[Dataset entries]

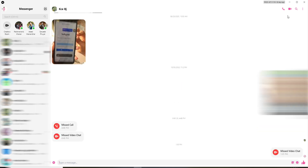Now, at the upper right corner, you'll be able to see a video call icon. In order to share screen, you'll need to first make a video call to one of your contacts.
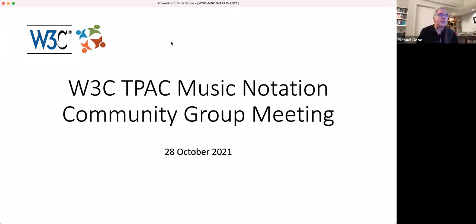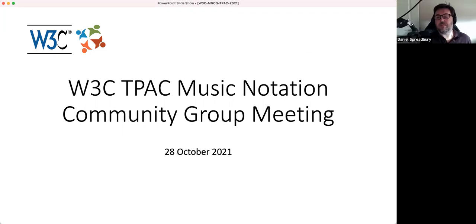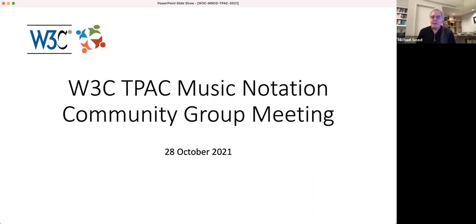Welcome everybody to the second of these online Music Notation Community Group meetings, but the first one that we have had as part of the W3C TPAC annual conference.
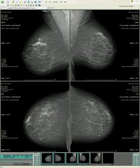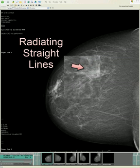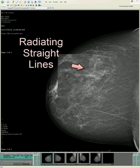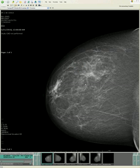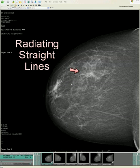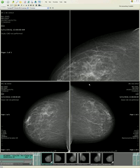Not only that, there appear to be some radiating straight lines — ominous words, radiating straight lines. Let's magnify it and take a look. And sure enough, look at those radiating straight lines. They're all going to a single point right there. This is worrisome. It could be overlying superimposed ligaments, but it's very worrisome because they all come to a point.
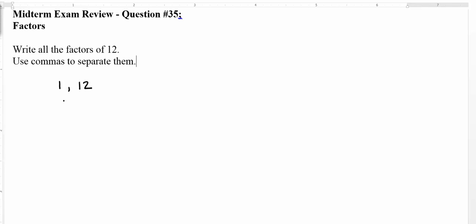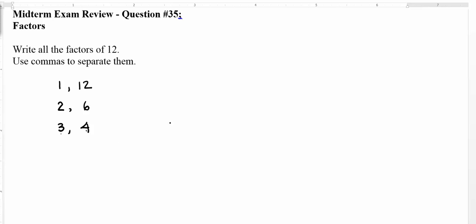Then I think: does 2 go into 12? Yes, 2 goes into 12 six times. Does 3 go into 12? Yes, 3 goes into 12 four times. And then I ask, does 4 go into 12? Yes, 4 goes into 12 three times — but I've already listed 3 and 4.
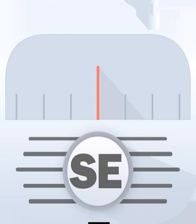This is Software Engineering Radio, the podcast for professional developers, on the web at se-radio.net. SE Radio is brought to you by the IEEE Computer Society and by IEEE Software Magazine, online at computer.org/software.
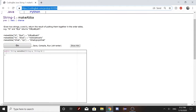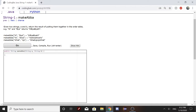Hi, today we will be solving String 1: Make A B B A. The problem states, given two strings a and b, return the result of putting them together in the order a, b, b, a.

### WHAT NEEDS TO BE DONE
Could you print all of the entries above exactly as written, minus the pictures?

### ANSWER SPACE
Now, at the upper right corner, you'll be able to see a video call icon. In order to share screen, you'll need to first make a video call to one of your contacts.
Welcome everybody to the second of these online Music Notation Community Group meetings, but the first one that we have had as part of the W3C TPAC annual conference.
Not only that, there appear to be some radiating straight lines — ominous words, radiating straight lines. Let's magnify it and take a look. And sure enough, look at those radiating straight lines. They're all going to a single point right there. This is worrisome. It could be overlying superimposed ligaments, but it's very worrisome because they all come to a point.
Then I think: does 2 go into 12? Yes, 2 goes into 12 six times. Does 3 go into 12? Yes, 3 goes into 12 four times. And then I ask, does 4 go into 12? Yes, 4 goes into 12 three times — but I've already listed 3 and 4.
This is Software Engineering Radio, the podcast for professional developers, on the web at se-radio.net. SE Radio is brought to you by the IEEE Computer Society and by IEEE Software Magazine, online at computer.org/software.
Hi, today we will be solving String 1: Make A B B A. The problem states, given two strings a and b, return the result of putting them together in the order a, b, b, a.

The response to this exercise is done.